If $H$ is a group with a subset $X$ such that $H$ is generated by $\left<X, Z(H) \cap H'\right>$, show that $H=\left<X\right>.$

Question

If $H$ is a group with a subset $X$ such that $H$ is generated by $\left<X, Z(H) \cap H'\right>$, show that $H=\left<X\right>.$

I've been having difficulty with this for quite a while.

I've been given the hint to evaluate $[zx, y]$ if $z$ commutes with both $x$ and $y$ and worked out that it would equal $[x, y]$ but I can't begin to work out how this is helpful.

I'm also a bit confused as to if this is even possible. Since $Z(H)$ is normal, so is $Z(H) \cap H'$ and so couldn't you just define $X$ as $H/(Z(H) \cap H')$ as a counterexample?

Answer 1

Hint: show that $H’ \cap Z(H) \subseteq \Phi(H)$, the Frattini-subgroup of $H$ (the intersection of all maximal subgroups of $H$). The elements of this subgroup are non-generators.

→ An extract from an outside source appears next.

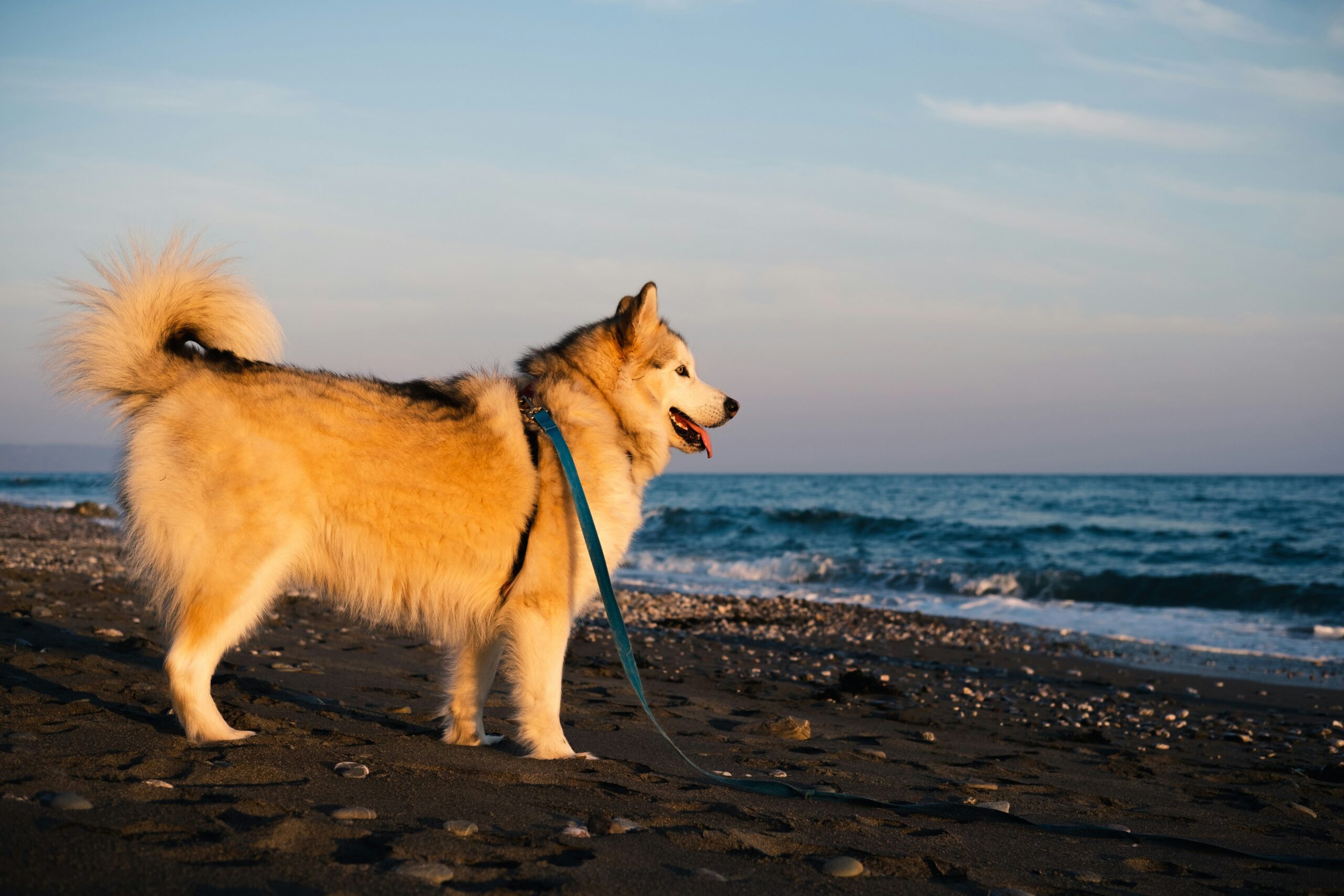 husky on beach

Here is a proof: if $M$ is maximal in $H$, then either $H=MZ(H)$ or $M=MZ(H)$ (note $MZ(H)$ is a subgroup between $M$ and $H$). In the first case: $H'=M'$, whence $H' \cap Z(H) \subseteq H'=M' \subseteq M$. In the second case, $Z(H) \subseteq M$, so $H' \cap Z(H) \subseteq Z(H) \subseteq M$. So either way, $H' \cap Z(H) \subseteq M$. It follows that $H' \cap Z(H) \subseteq \Phi(H)$.